##### Task data
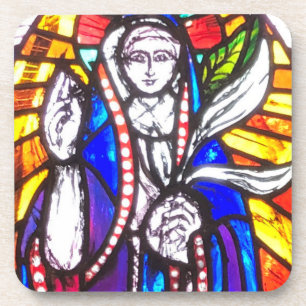 Porta-copo Design de Vidro Arranjado com Figura Religiosa.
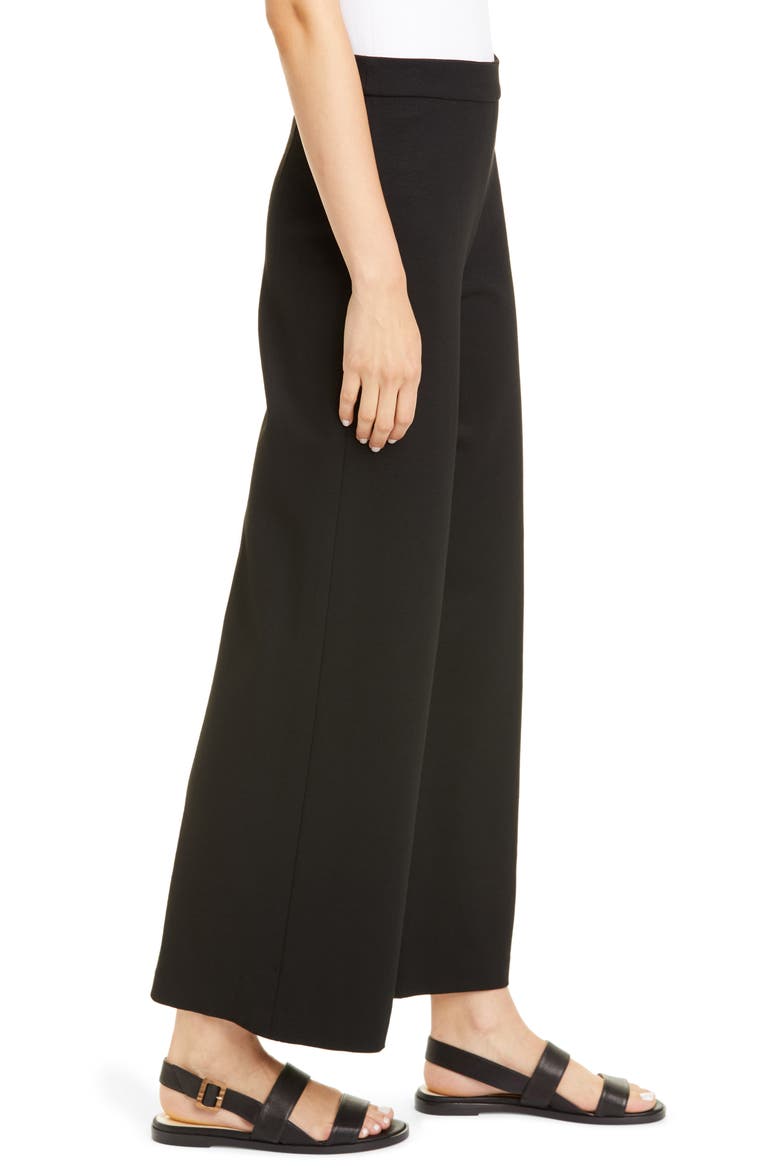 Interlock Ankle Wide Leg Pants, Alternate, color, BLACK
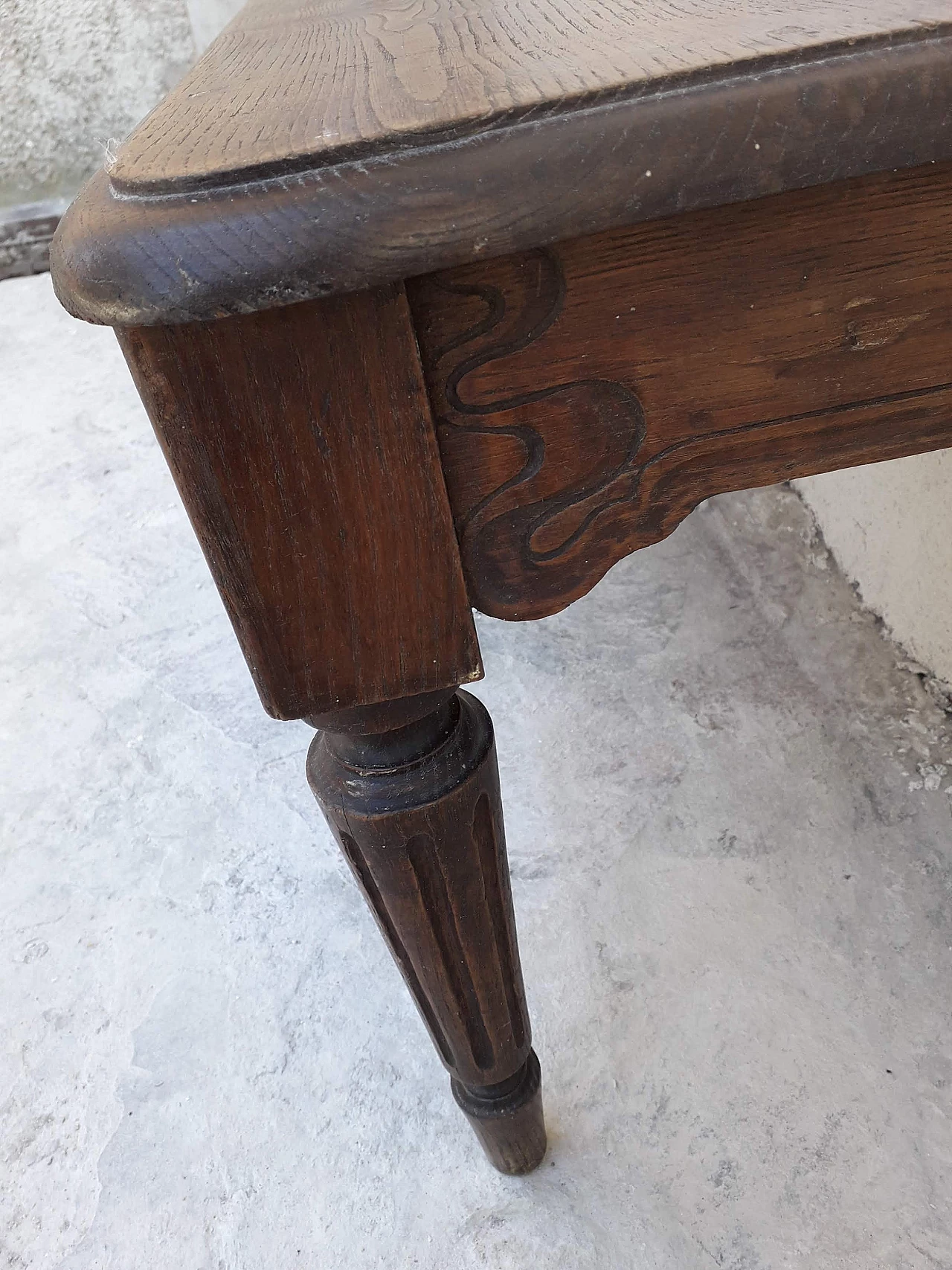 Empire oak bench with carvings, 19th century 14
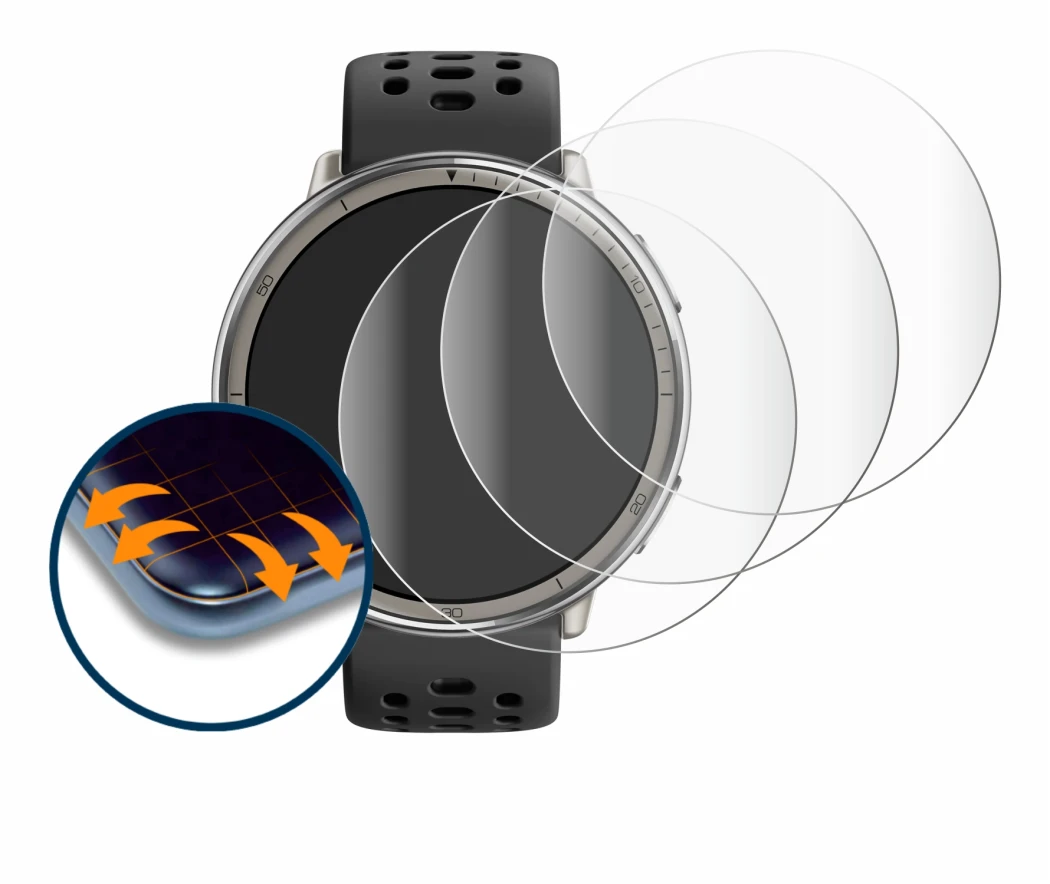 Image of the device Amazfit Active 2 with a wide variety of screen protectors.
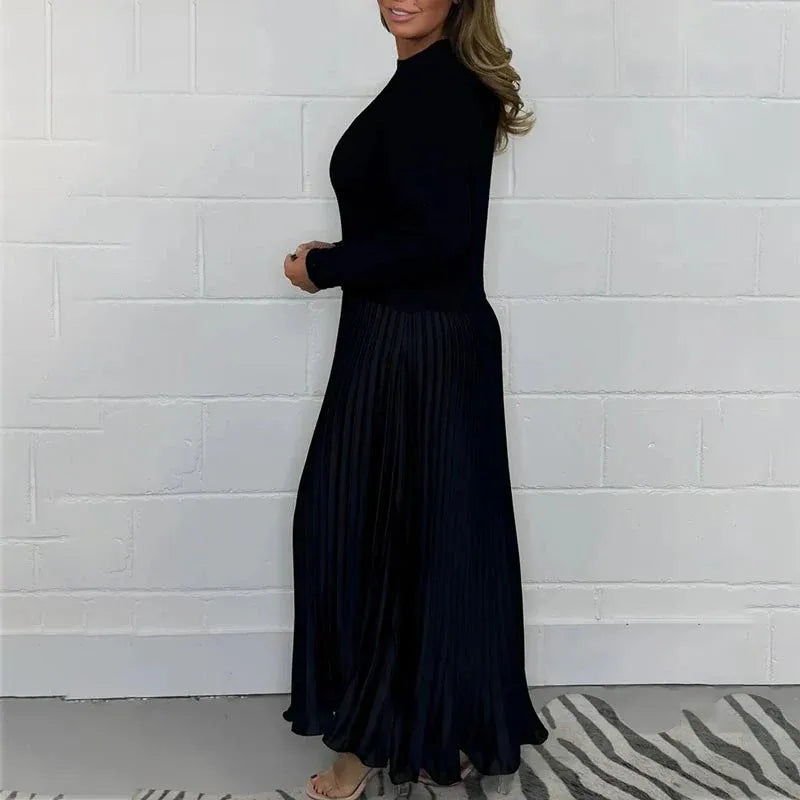 Claudia - Maxi dress with jersey and pleated skirt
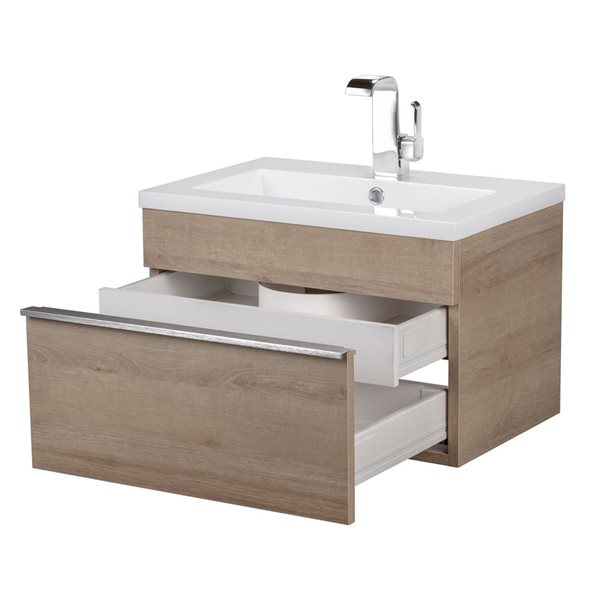 Cutler Kitchen & Bath Trough 30-in Organic Wall-Mount Vanity w/ White Acrylic Top and Single Sink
##########
Work required =>
Beginning with the line where "Image of the" appears, transcribe the records above word for word through their last line, and include no pictures.

Response area =>
 Image of the device Amazfit Active 2 with a wide variety of screen protectors.
 Claudia - Maxi dress with jersey and pleated skirt
 Cutler Kitchen & Bath Trough 30-in Organic Wall-Mount Vanity w/ White Acrylic Top and Single Sink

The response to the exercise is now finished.